"Clean Tech" ☀️💨 to "Climate Tech" 🌏 and what it means to me.
A deep dive into my reawakening around climate
From “clean” to “climate”.
"Clean tech" was all the rage in the 2000s. Investors were excited about new ways of making energy that were lighter on the environment, but market forces like the '08 financial crisis, the fracking boom in the US and the sharp drop in solar panel prices from China were, among other reasons, why "clean tech 1.0" ultimately failed, losing investors billions (for more on 💰, read this). Tesla's one of the few companies left standing from back then, while most of the solar and biofuels plays of that era have since gone under (Exhibit A: Solyndra).

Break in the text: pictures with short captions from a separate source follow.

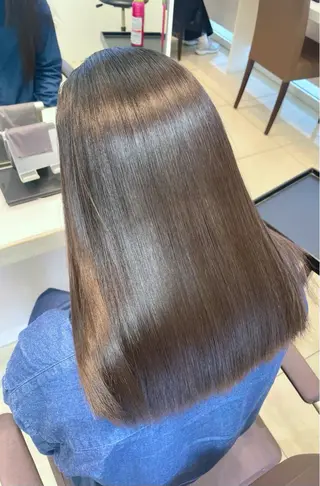 ミディアム パーマ 学割 悟 韓国風艶髪縮毛矯正のヘアスタイル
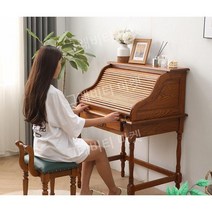 빈티지 원목 뷰로데스크 엔틱 인테리어 피아노 프렌치 서랍장, 다크 커피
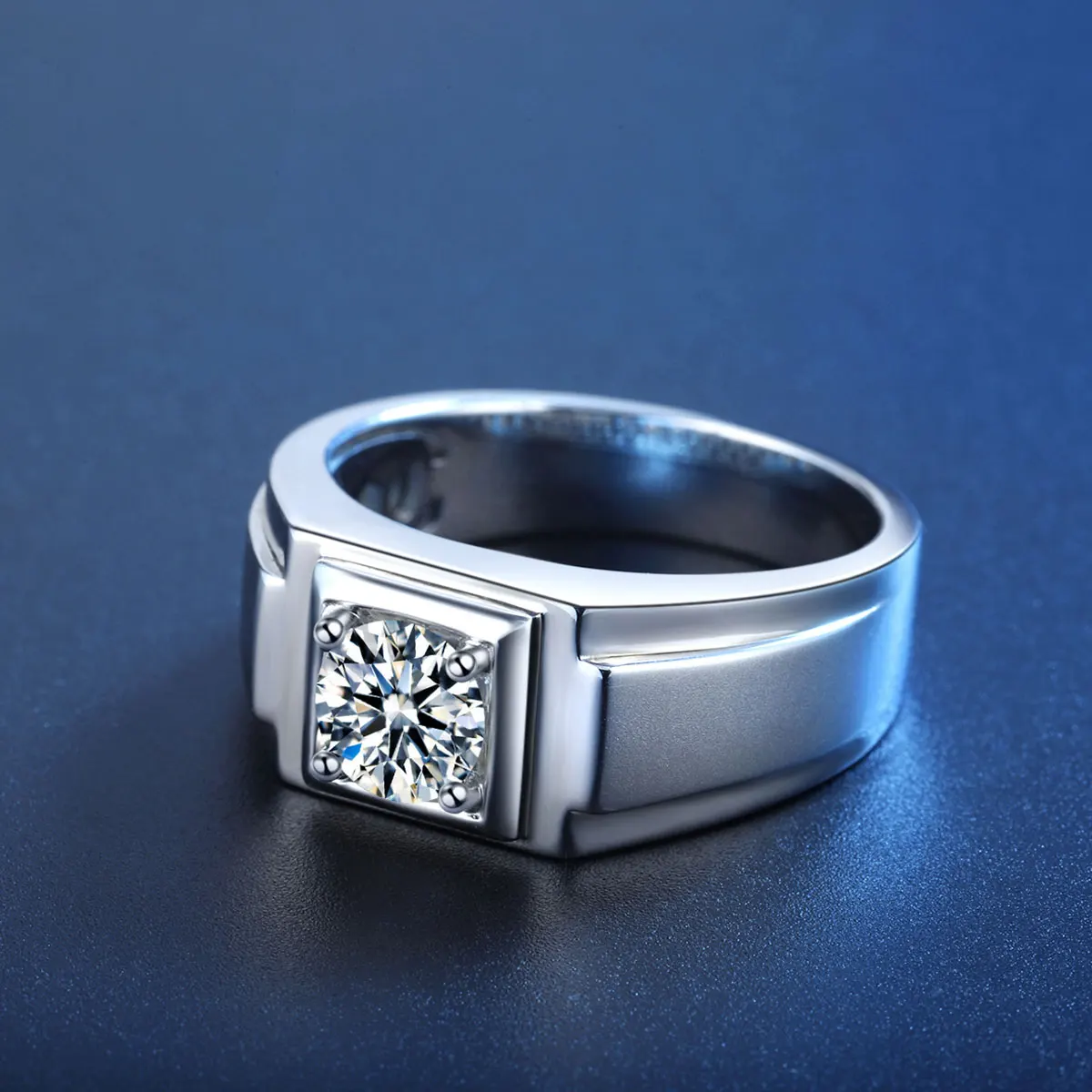 

2021 Hot Sale Style Rings for Men Father's Day Gift for Dad Anster wholesale S925 men ring wedding band 1ct solitaire ring, White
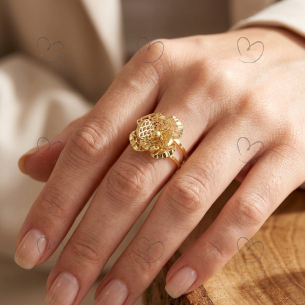 Anel Flor Vazado Escama 4 Pétalas Ouro 18K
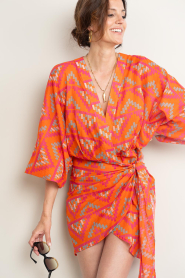 The Belle of the Beach :  Cotton mini dress with print Suzy | orange - img6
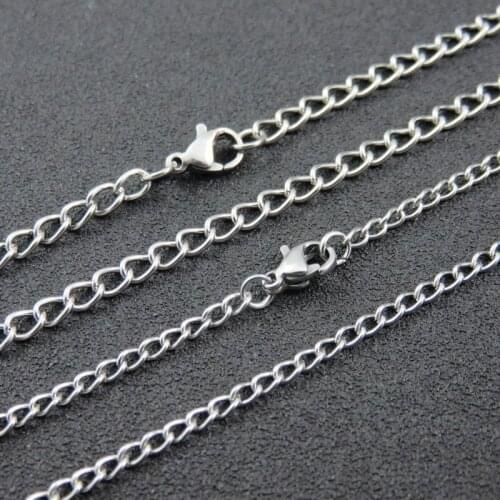 2.2/4mm Rolo Chain Women Necklace Fashion Stainless Steel Chain Necklace 50cm 60cm 70cm 80cm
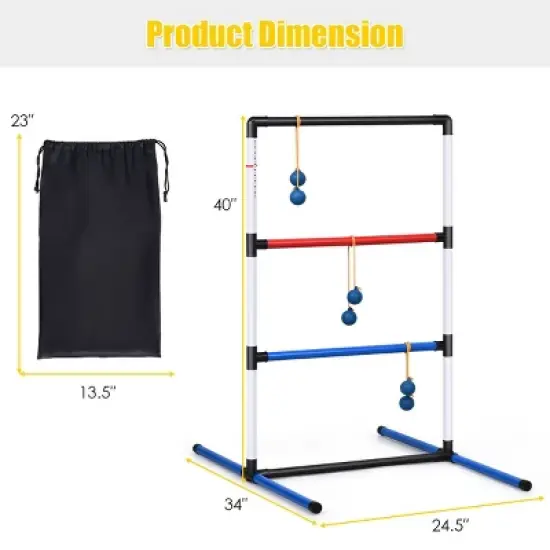 Costway Ladder Ball Toss Game Set Indoor Outdoor W/6 Bolas Score Tracker Carrying Bag image {3}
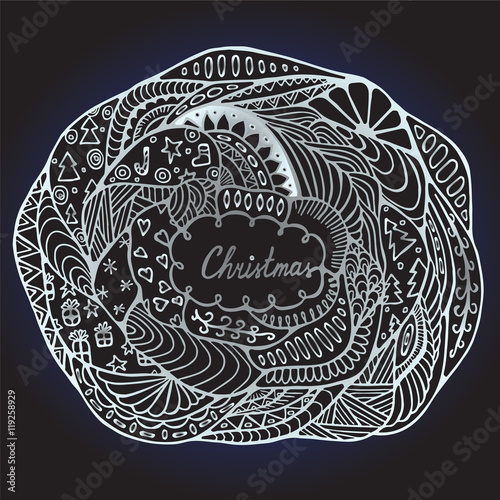 stock vector christmas  background with tree, boll, snowflakes.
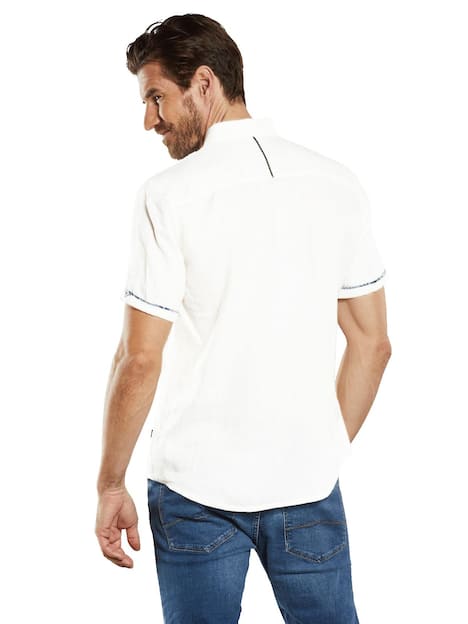 engbers Herren Kurzarm-Hemd aus Leinen , Reinweiss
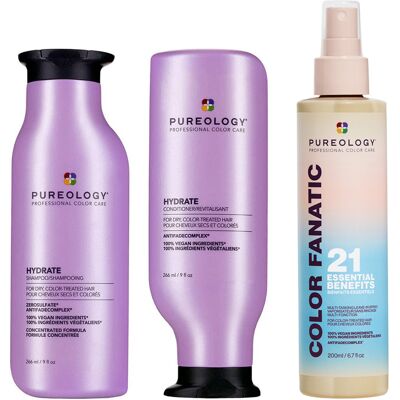 Pureology Hydrate Shampoo 266ml, Hydrate Conditioner 266ml & Color Fan Pureology Hydrate Shampoo 266ml, Hydrate Conditioner 266ml & Color Fan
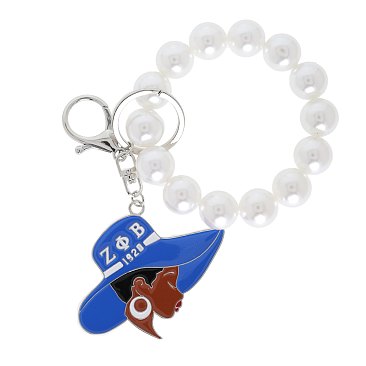 4" inch Afro  PEARL BEADED STRETCH BRACELET CHARM KEYCHAIN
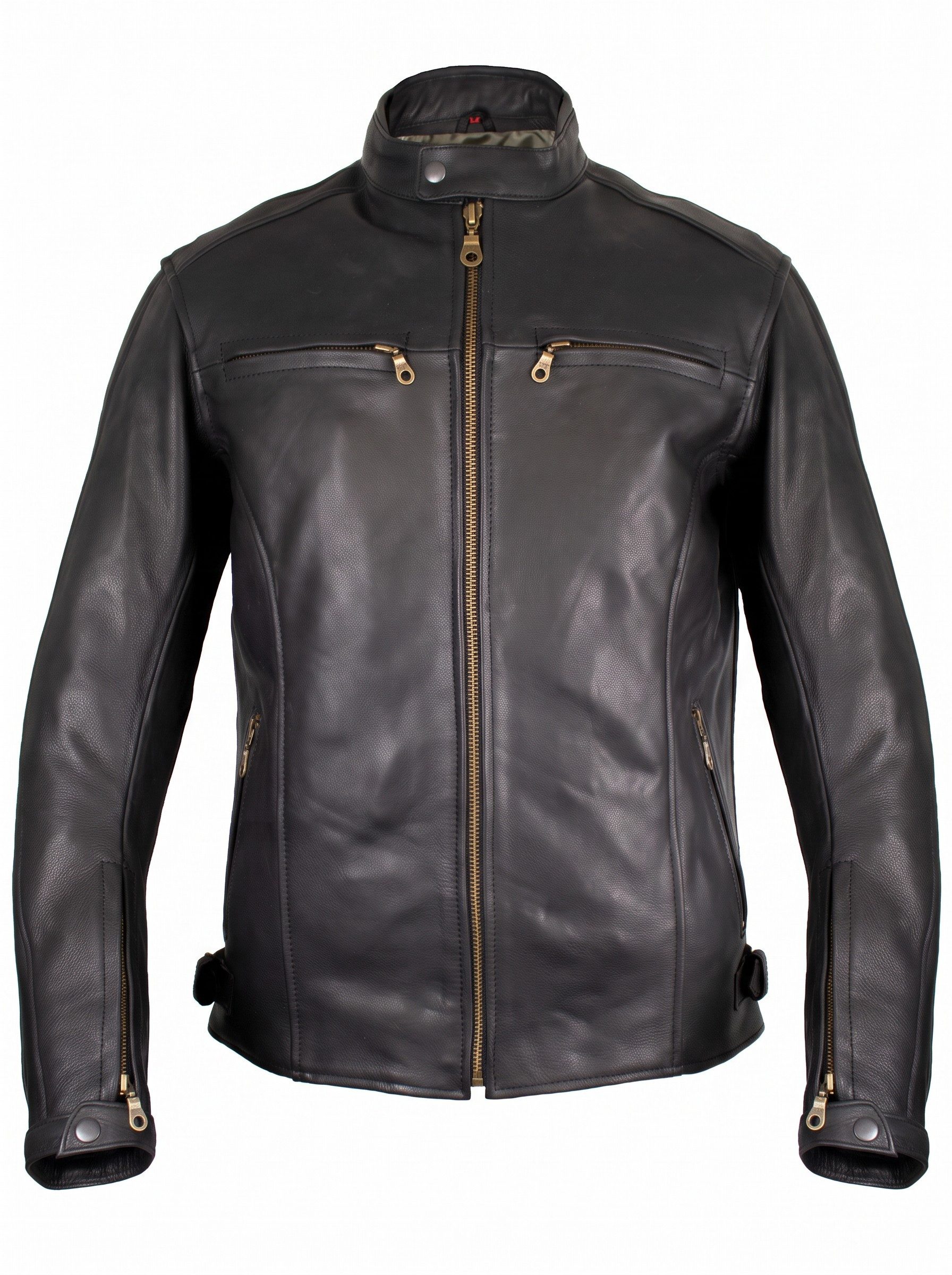MDM Lederjacke Herren Motorrad Lederjacke aus Rindsleder mit Protektoren Motorrad Leder Jacke – Bild 4 von 5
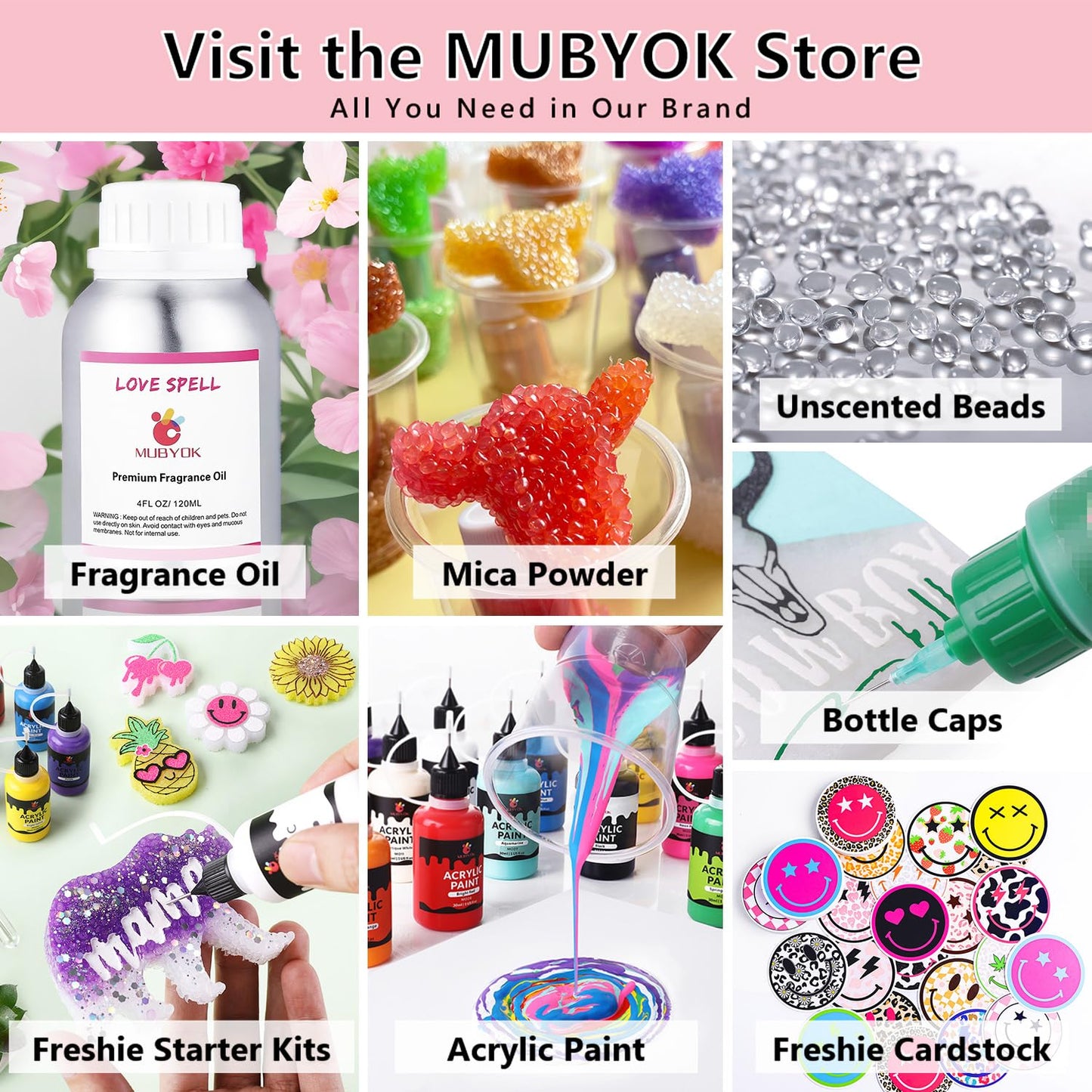 (300 Design Optional) MUBYOK M510 12 Pcs Car Freshie Silicone Molds for Baking Aroma Beads Car Freshie Supplies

The boom and bust nature of tech investment reads like fashion trends, "one day you're in; the next day you're out" (thanks, Project Runway 💁♂️). And with a bust, came another boom. Since the 2015 Paris Climate Agreement, the excitement around "clean" technologies have picked up steam again, but the conversation has shifted away from clean energy towards a zoomed-out view on climate change more broadly (touching every sector in the economy). In fact, the movement spawned a new term - "climate tech" - and the investment numbers (BNEF, Axios) suggest investors have come back with a vengeance (and many newcomers have joined in on the frenzy too).
My journey to clean tech.
I began reading about clean energy quite randomly after a science class in middle school about the fractional distillation of crude oil 🛢️ (aside: check out Thom Hartmann’s essay on ancient sunlight that has a really awesome reframe on what fossil fuels are). When you're brought up to be clean and tidy, the thought of spewing earth-harming pollutants into the air just seems wrong. Clean = good; fossil = bad.
Add to that the release of An Inconvenient Truth in high school, and just like every other climate nerd out there at the time, I was hooked on the climate trail. The image of Al Gore on top of a scissor lift 🪜 pointing to the plot-shattering upward trajectory of the Keeling curve 📈 will always remain with me. And at the time, flattening that curve (not that other meaning) meant working on clean tech.
Getting in while others were getting out 🏃♂️.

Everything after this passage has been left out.